A robust telecommunications infrastructure is the backbone of modern business. Various types of telecom services include:
- Cellular mobile services: Voice and non-voice messaging and data services.
- Fixed line services: Voice and data services connected through fiber optic cables.
- Cable services: Primarily for one-way entertainment media services.
- VSAT services: A satellite-based communication service offering reliable solutions in both urban and rural areas.
- DTH services: Direct-to-Home satellite-based media services for receiving television channels.
Transportation
Transportation includes all modes—rail, road, air, and sea—for the movement of goods and passengers. It is crucial for business as it removes the hindrance of place, making goods available to consumers from where they are produced. Efficient transportation infrastructure is essential for economic growth.
Warehousing
Warehousing refers to the storage of goods in a scientific and systematic manner to maintain their quality and value. Modern warehouses are not just for storage; they are logistical service providers that ensure the right quantity of goods is available at the right place, at the right time, and at the right cost.
Types of Warehouses
- Private warehouses: Owned or leased by a company for storing its own goods (e.g., a retail chain's warehouse).
- Public warehouses: Can be used by any member of the public (traders, manufacturers) for a storage fee.
- Bonded warehouses: Licensed by the government to store imported goods before the payment of customs duty. This allows importers to pay duty in installments and facilitates entrepot trade (re-exporting goods).
- Government warehouses: Fully owned and managed by the government through public sector organizations like the Food Corporation of India.
- Cooperative warehouses: Set up by cooperative societies for the use of their members.
Functions of Warehousing
- Consolidation: The warehouse receives goods from different production plants and consolidates them into a single shipment for a customer.
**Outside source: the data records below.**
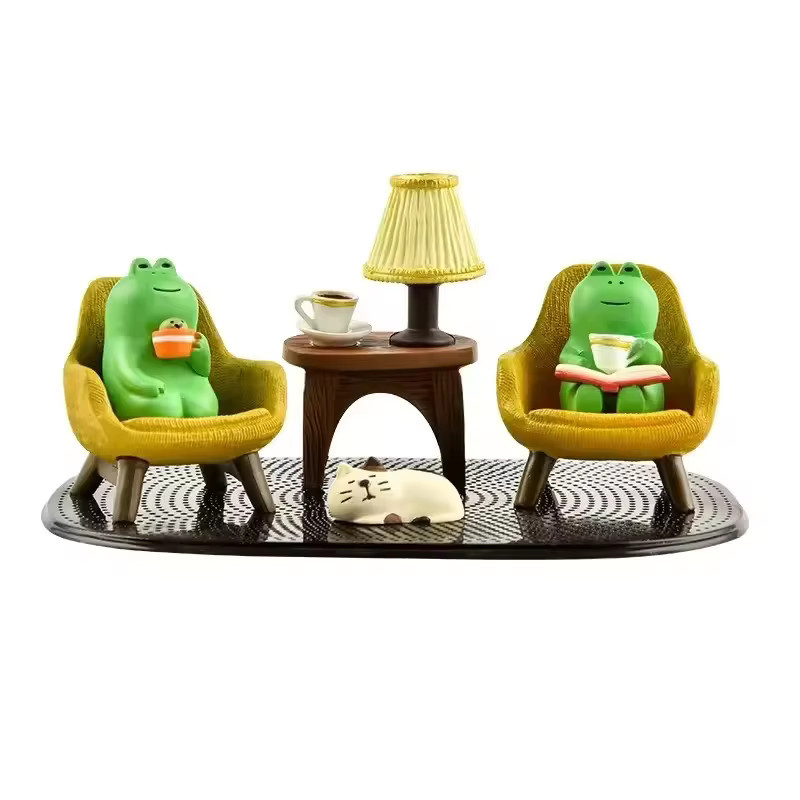 SUITU ZAKKA Froschfigur auf Schaukelstuhl in Grün als Miniatur-Dekoornament - Bild 5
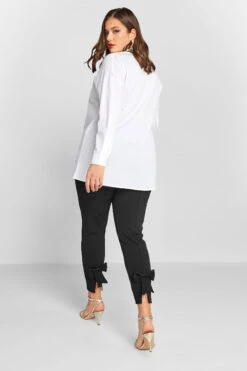 YOURS LONDON - Pantalon Noir En Jersey Ourlets à Noeuds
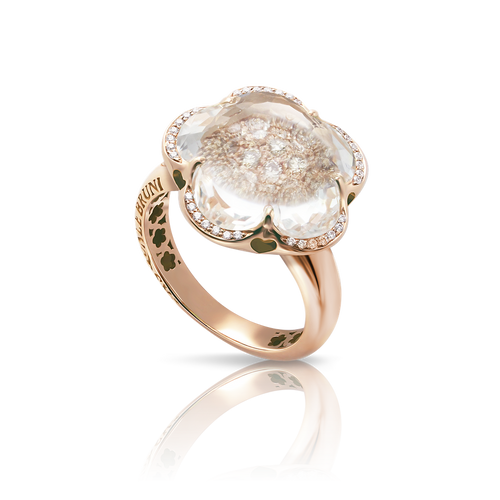 Pasquale Bruni Bon Ton Ring RG Rock Crystal with Diamonds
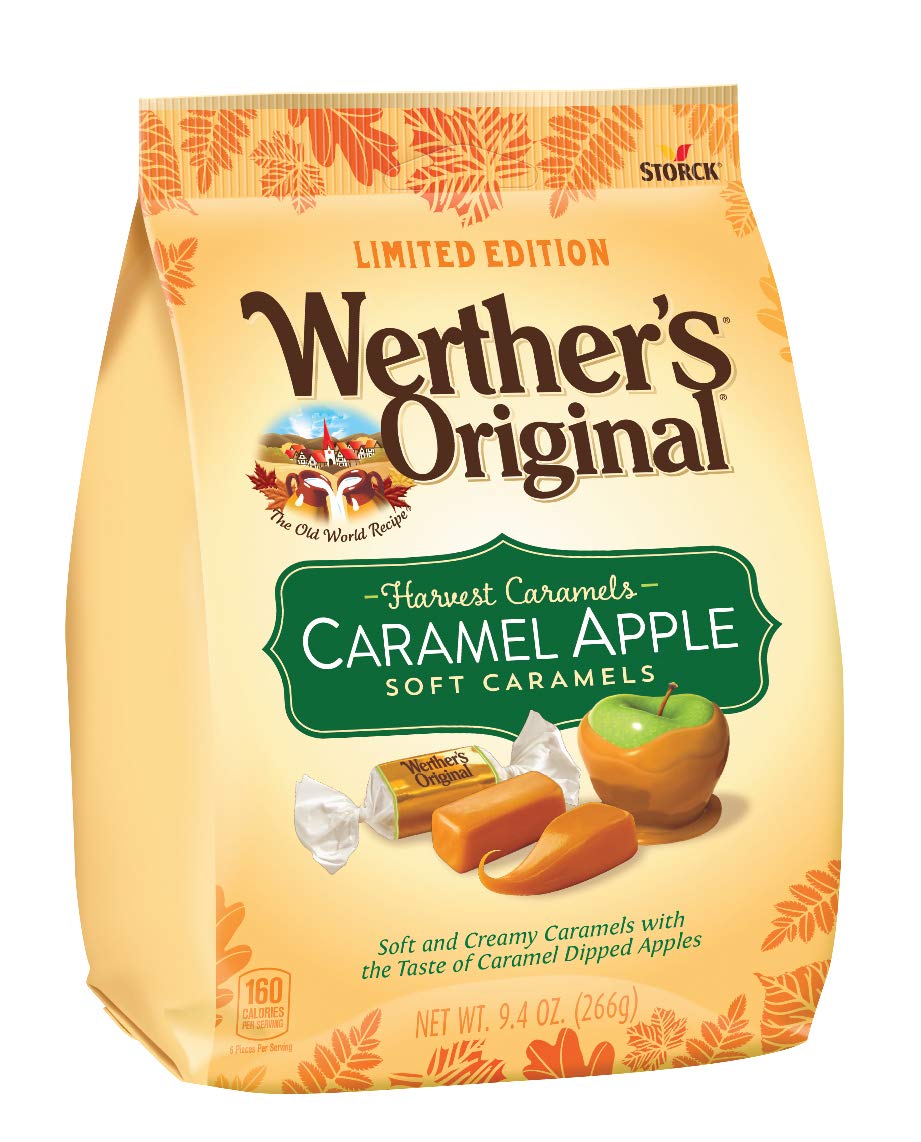 WERTHERS ORIGINAL Harvest Caramels Caramel Apple Soft Caramels, 9.4 Ounce Bag | Individually Wrapped Candy | Great for Holiday Gifts for Mom, Gifts for Dad, Teacher Gifts, Thank You Gifts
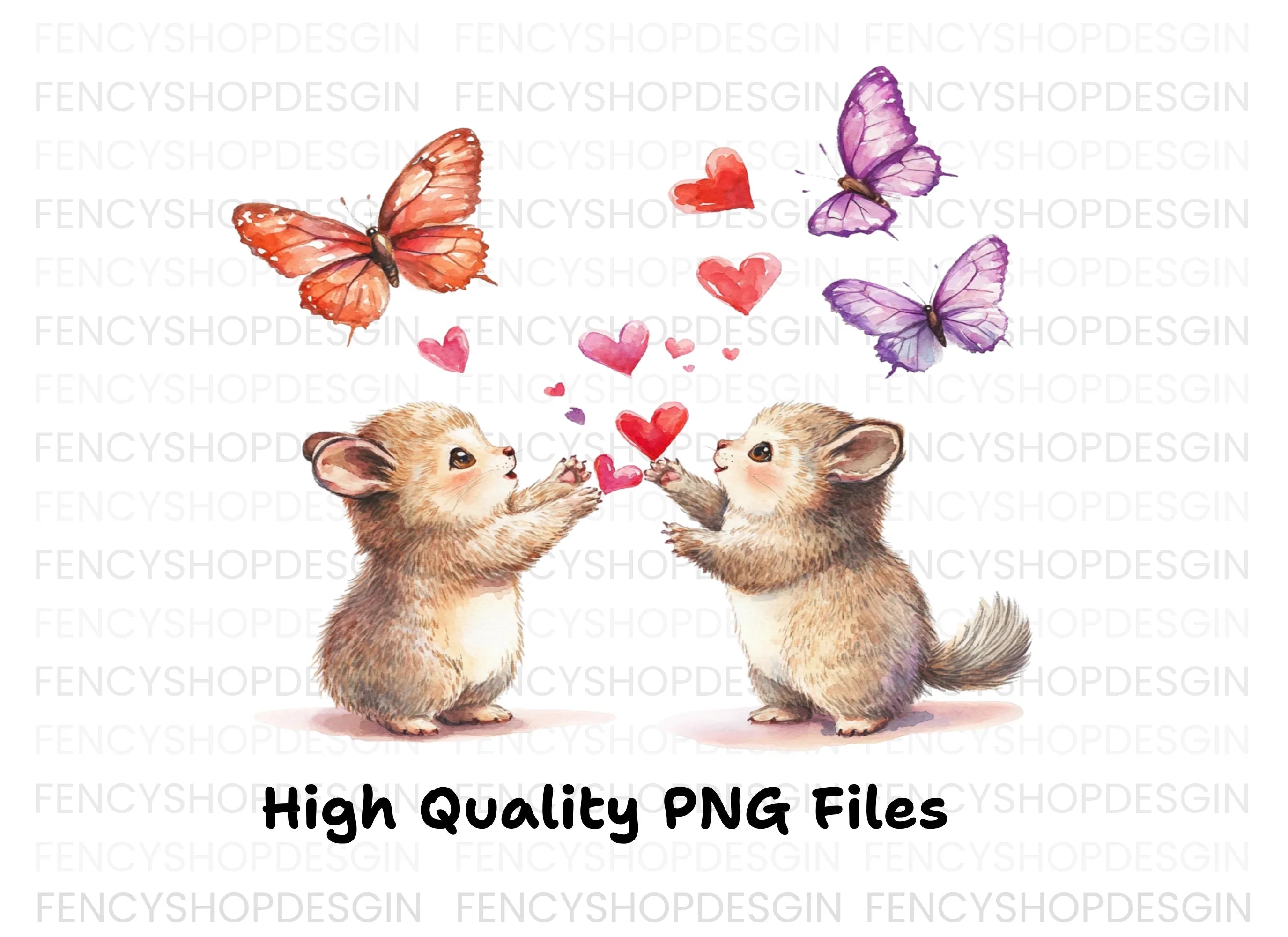 Adorable Hamsters with Butterflies Clipart Bundle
- Break the bulk: The warehouse divides large quantities of goods received from plants into smaller quantities for delivery to different clients.
- Stock piling: This involves the seasonal storage of goods. Goods not needed immediately are stored and made available based on demand.
- Value added services: Warehouses may provide services like packaging, labeling, and grading of goods.
- Price stabilisation: By managing the supply of goods based on demand, warehousing helps to stabilize prices.
- Financing: Warehouse owners may advance money to the owners of the goods against the security of the stored goods.